[Stored dataset items]

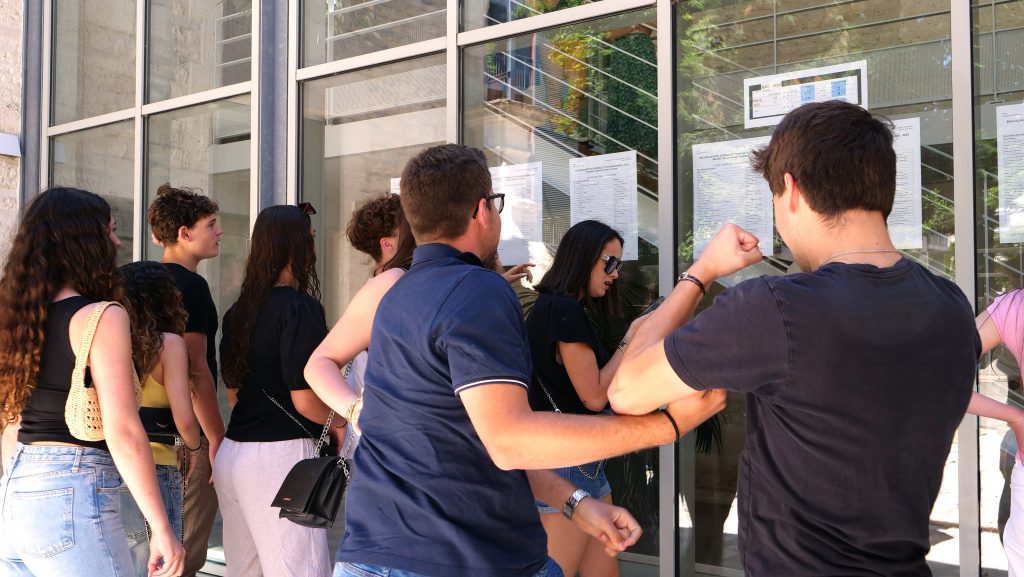 Examens: consultation des résultats du Bac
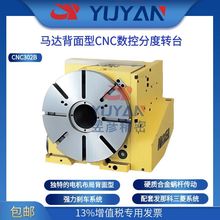 NIKKEN���Д����D̨��ֱ����Ч�\�D�m���������ӹ�CNC302B �͙C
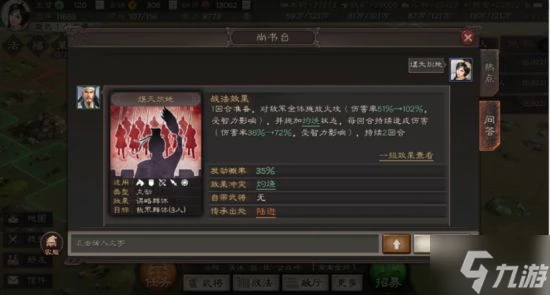 《三國志戰略版》武將拆解攻略 哪些武將可以拆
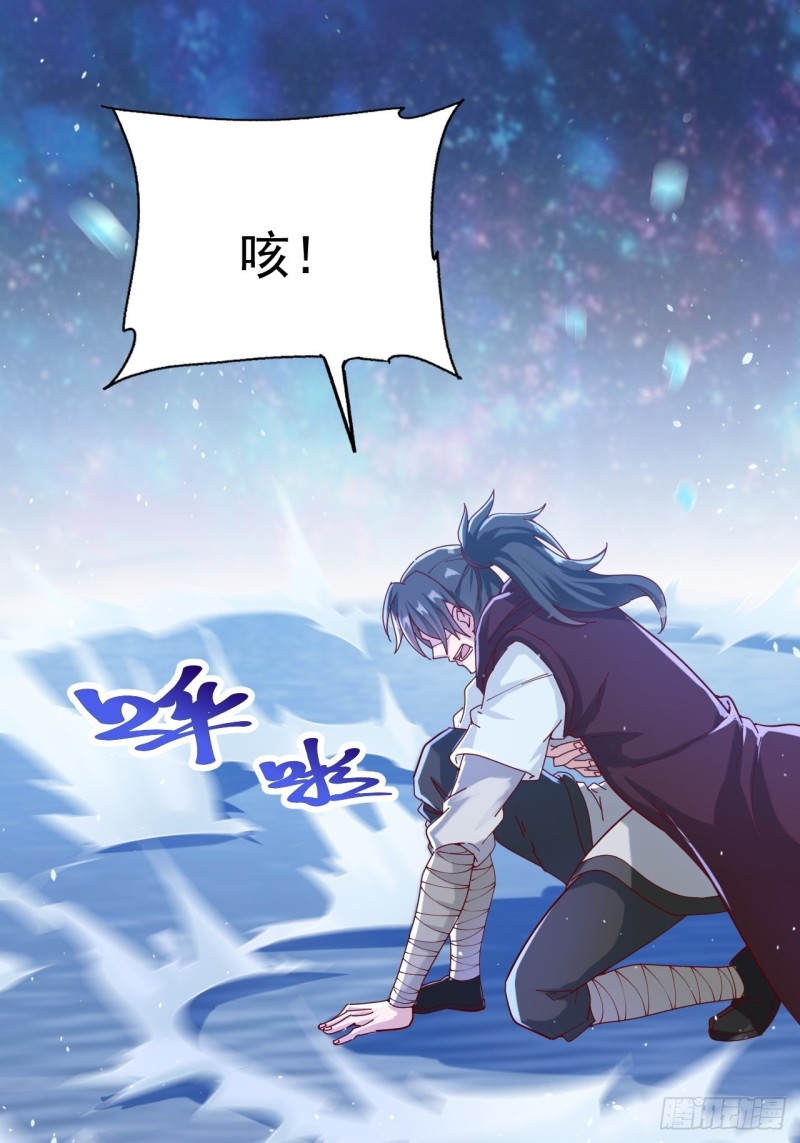 第34话 战胜心魔6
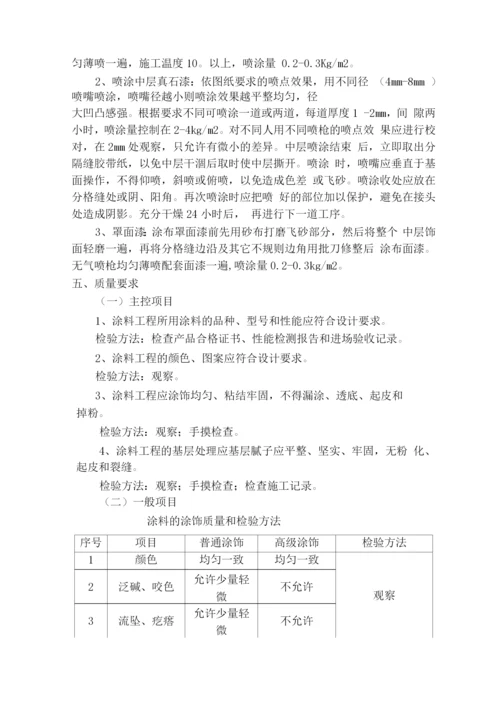 外墙涂料真石漆施工方案.docx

--- BRIEF ---
Each line of the data above is to be output exactly; the pictures are not to appear.

--- ANSWER SPACE ---
 Examens: consultation des résultats du Bac
 NIKKEN���Д����D̨��ֱ����Ч�\�D�m���������ӹ�CNC302B �͙C
 《三國志戰略版》武將拆解攻略 哪些武將可以拆
 第34话 战胜心魔6
 外墙涂料真石漆施工方案.docx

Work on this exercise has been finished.